WHAT TO PRODUCE:
When copying the data below, keep only the lines from the one with "A bright and" through the one with "SOOQOO BMW M2", word for word, and skip the pictures.

[Captioned web images]

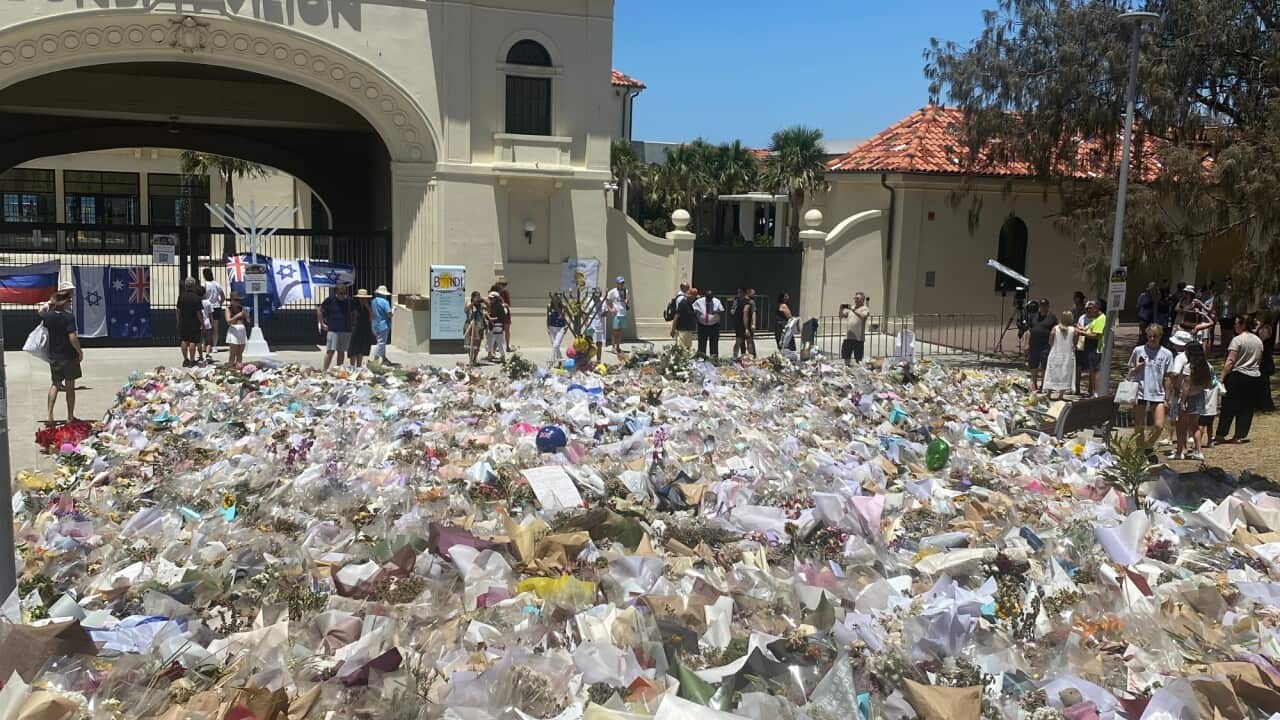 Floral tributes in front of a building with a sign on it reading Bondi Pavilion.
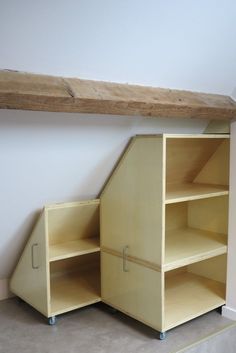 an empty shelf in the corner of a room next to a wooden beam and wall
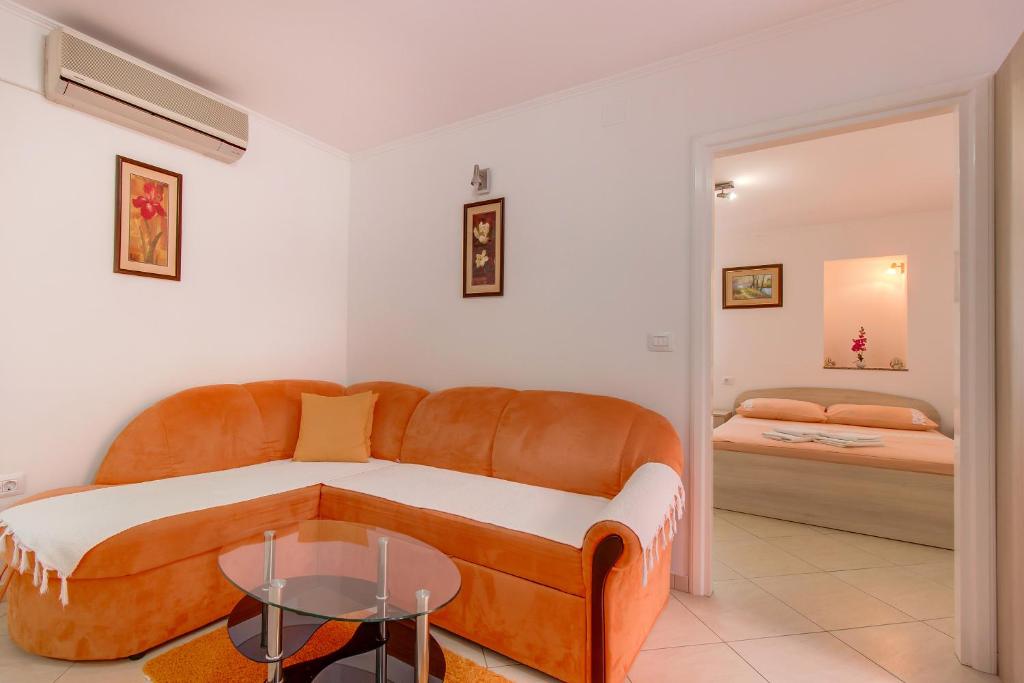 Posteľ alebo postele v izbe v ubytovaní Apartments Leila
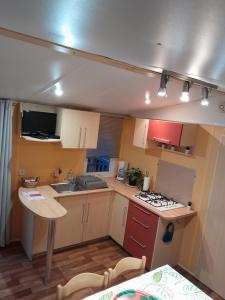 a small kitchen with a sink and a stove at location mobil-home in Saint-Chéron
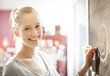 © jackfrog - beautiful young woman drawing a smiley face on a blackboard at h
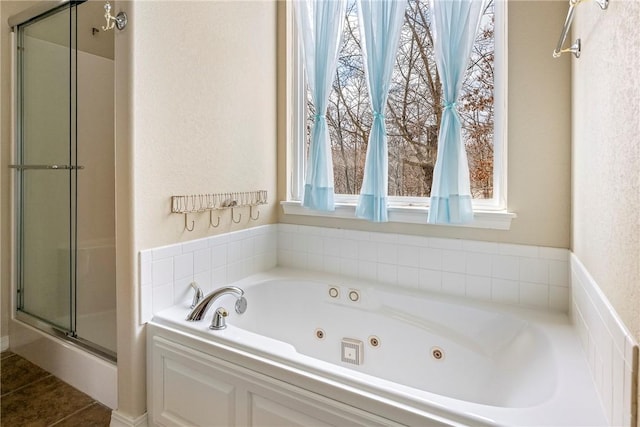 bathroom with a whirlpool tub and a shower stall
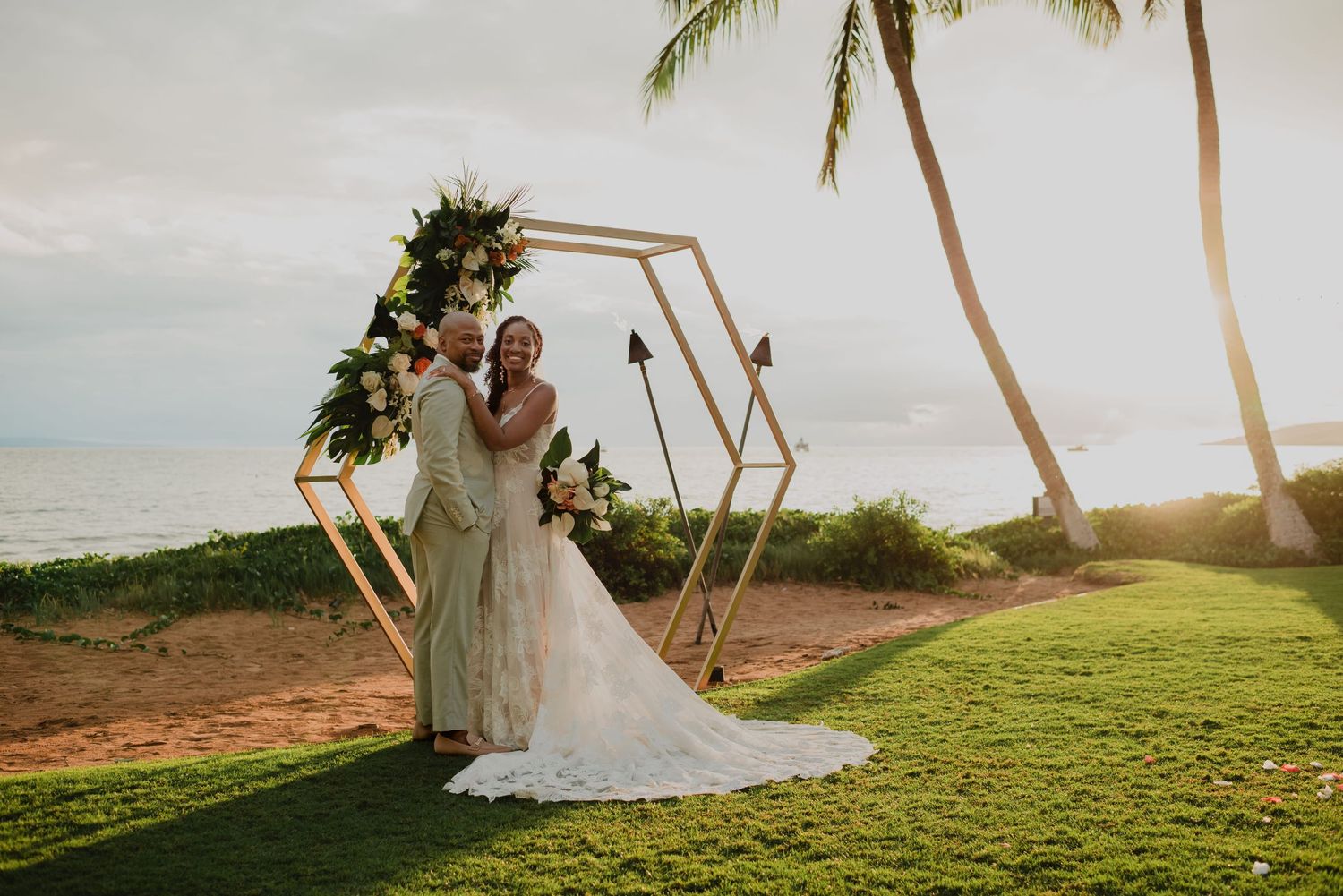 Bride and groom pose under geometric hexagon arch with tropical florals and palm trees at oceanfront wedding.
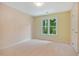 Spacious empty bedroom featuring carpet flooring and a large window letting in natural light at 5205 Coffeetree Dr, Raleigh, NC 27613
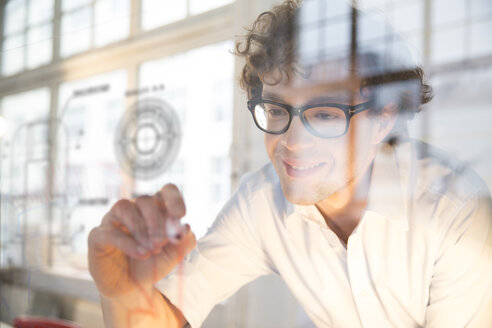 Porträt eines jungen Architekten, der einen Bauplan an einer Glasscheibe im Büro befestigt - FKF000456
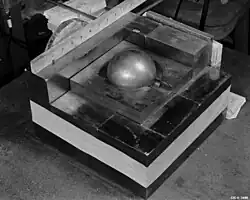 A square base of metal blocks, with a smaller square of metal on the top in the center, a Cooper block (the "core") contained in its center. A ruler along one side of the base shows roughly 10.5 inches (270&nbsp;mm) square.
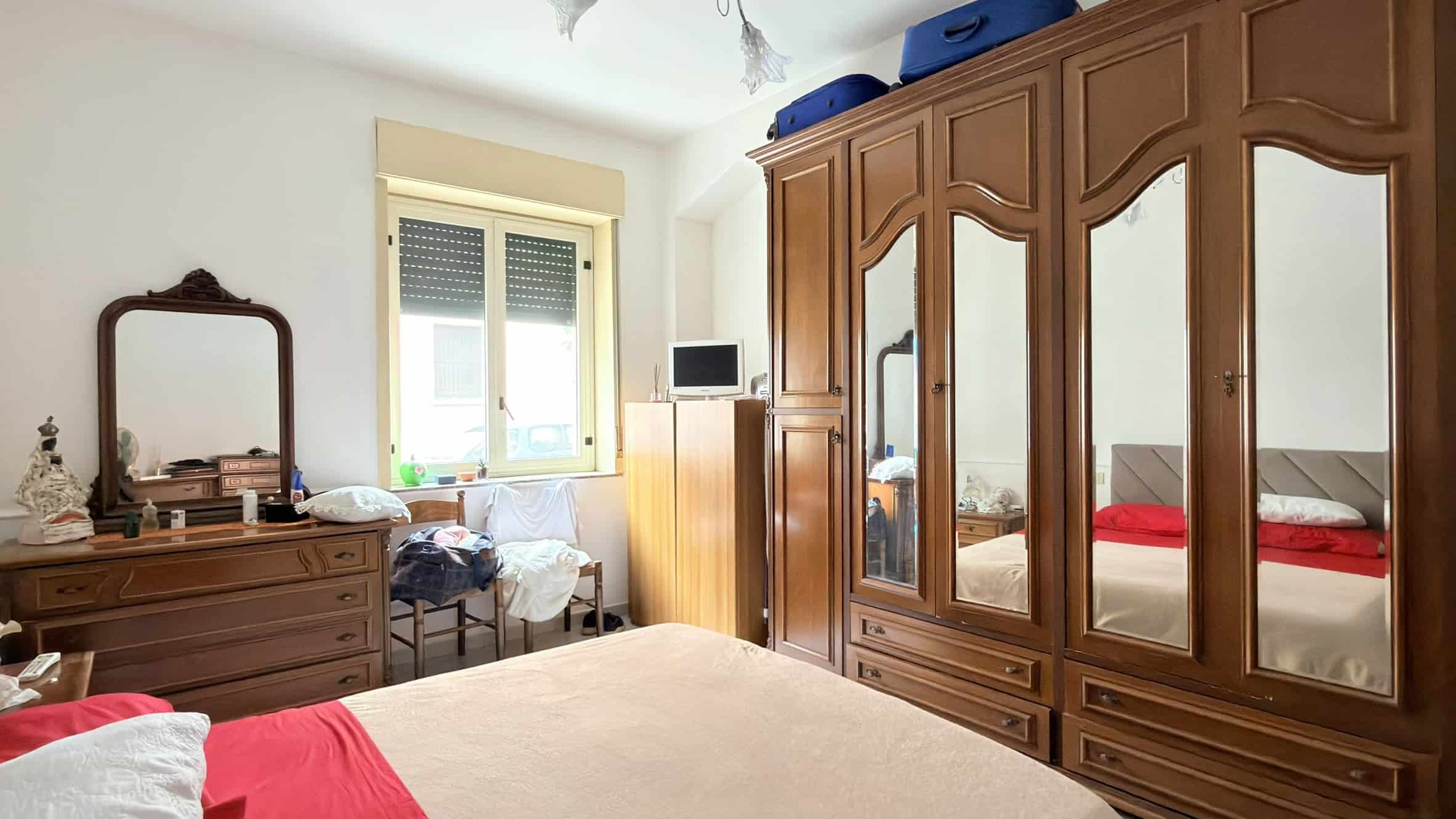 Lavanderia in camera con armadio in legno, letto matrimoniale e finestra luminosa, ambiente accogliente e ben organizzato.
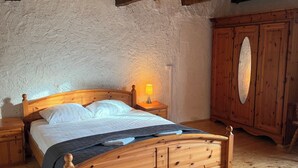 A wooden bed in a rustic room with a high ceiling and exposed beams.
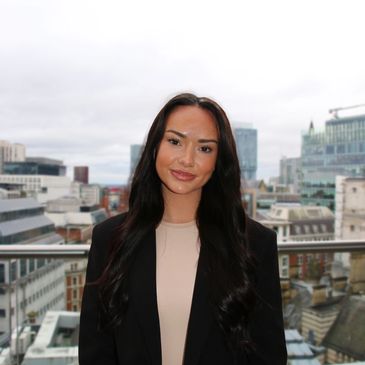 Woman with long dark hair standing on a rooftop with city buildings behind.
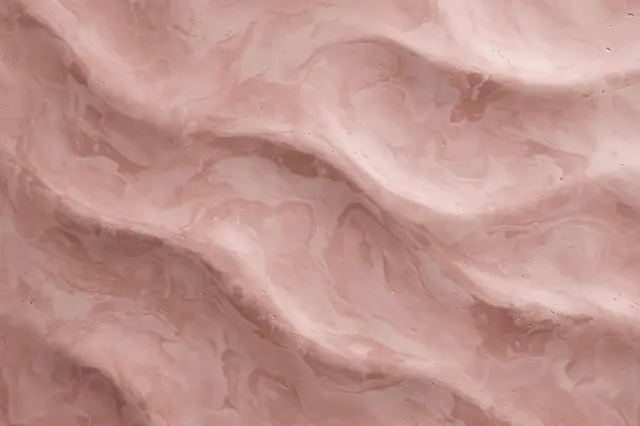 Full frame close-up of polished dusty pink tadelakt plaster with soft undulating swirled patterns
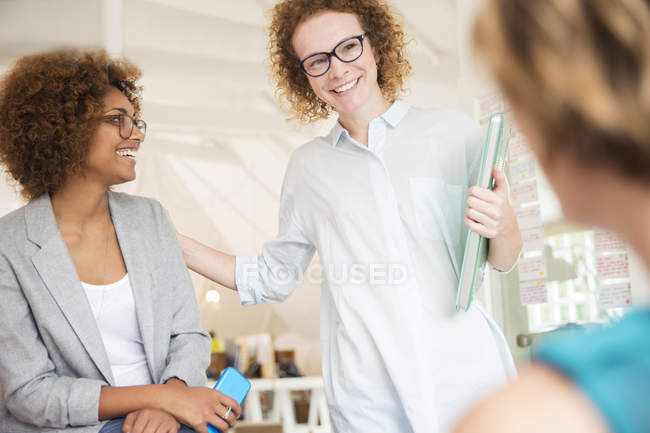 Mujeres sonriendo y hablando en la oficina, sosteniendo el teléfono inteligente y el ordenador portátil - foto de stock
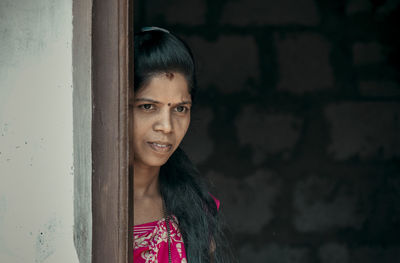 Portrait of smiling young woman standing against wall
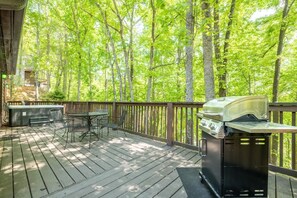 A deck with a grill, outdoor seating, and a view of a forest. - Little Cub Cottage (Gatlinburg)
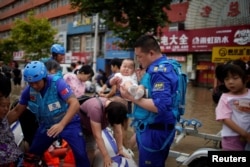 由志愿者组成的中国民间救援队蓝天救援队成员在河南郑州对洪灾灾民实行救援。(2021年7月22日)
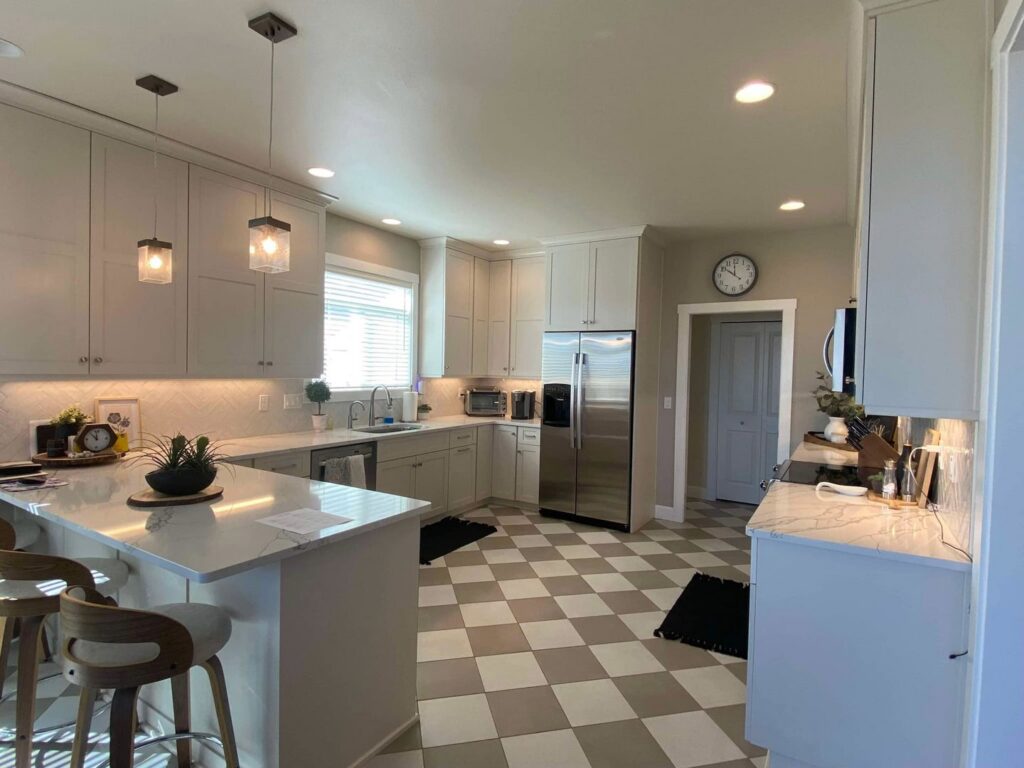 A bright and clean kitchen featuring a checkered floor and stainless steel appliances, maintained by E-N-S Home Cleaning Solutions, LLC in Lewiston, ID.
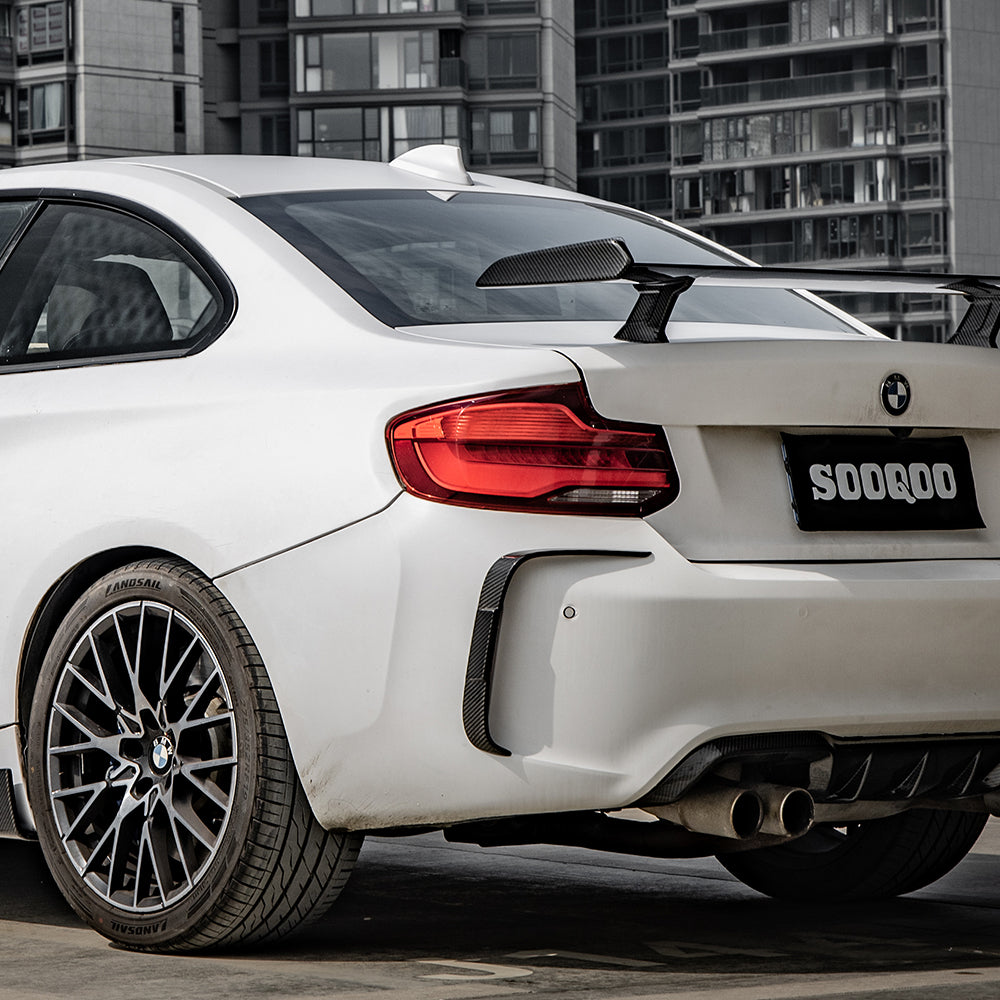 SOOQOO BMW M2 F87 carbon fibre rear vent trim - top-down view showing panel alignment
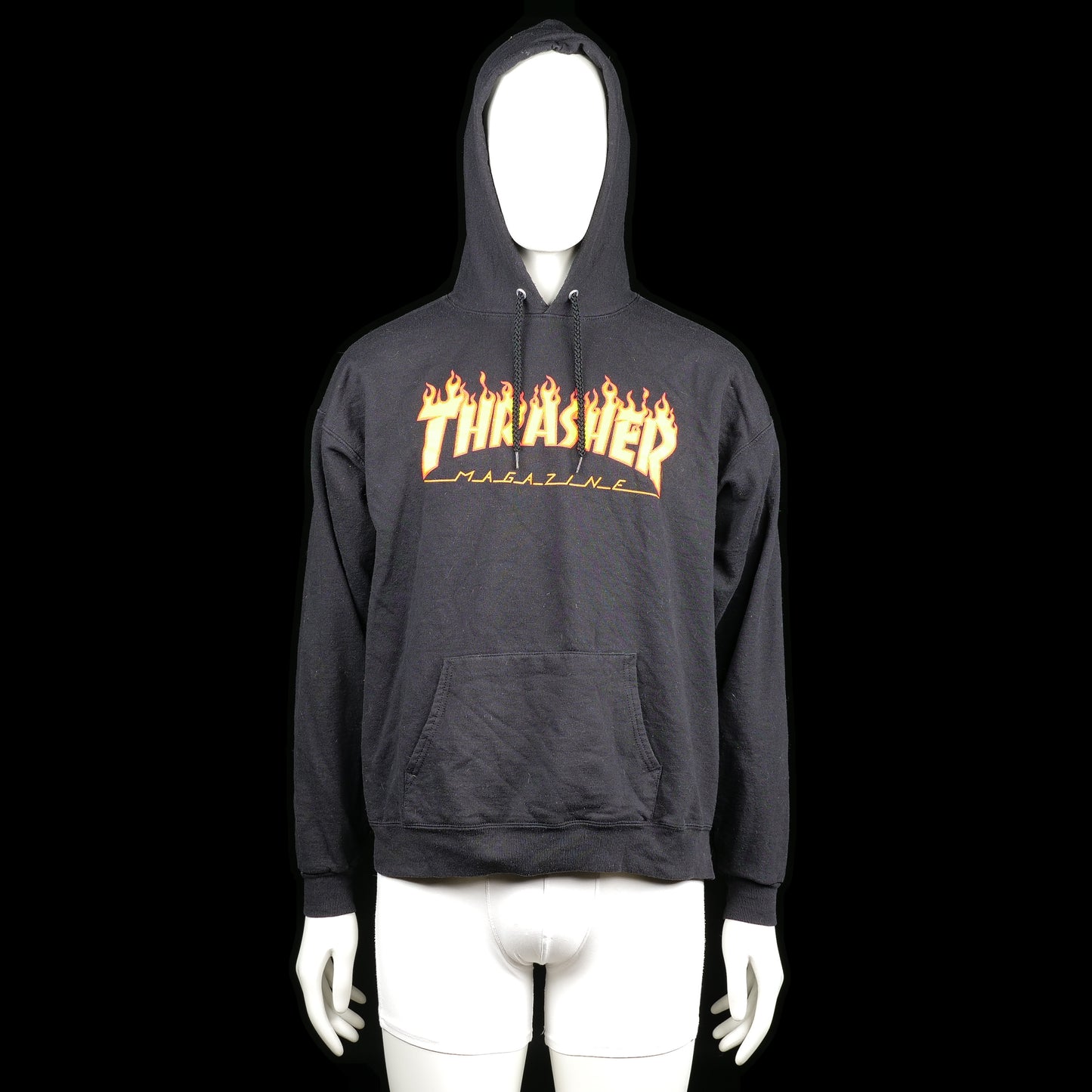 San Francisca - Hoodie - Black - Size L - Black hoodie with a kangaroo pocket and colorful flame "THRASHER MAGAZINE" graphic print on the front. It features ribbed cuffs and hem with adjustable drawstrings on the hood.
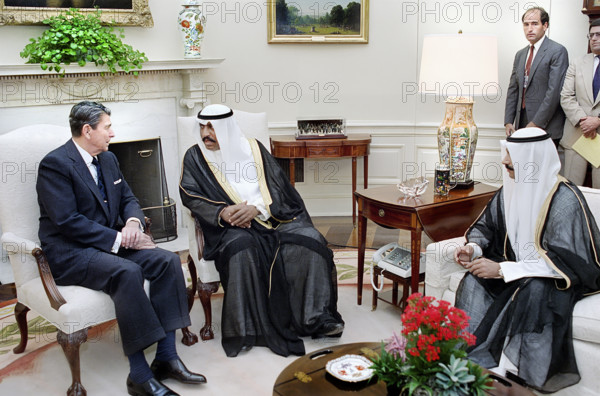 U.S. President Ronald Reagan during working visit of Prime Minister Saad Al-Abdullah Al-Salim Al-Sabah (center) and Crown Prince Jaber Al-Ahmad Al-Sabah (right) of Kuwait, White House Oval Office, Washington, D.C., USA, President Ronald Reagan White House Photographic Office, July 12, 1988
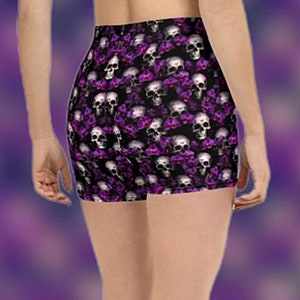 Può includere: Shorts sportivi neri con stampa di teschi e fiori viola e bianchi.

RESULT OF THE EXERCISE:
 A bright and clean kitchen featuring a checkered floor and stainless steel appliances, maintained by E-N-S Home Cleaning Solutions, LLC in Lewiston, ID.
 SOOQOO BMW M2 F87 carbon fibre rear vent trim - top-down view showing panel alignment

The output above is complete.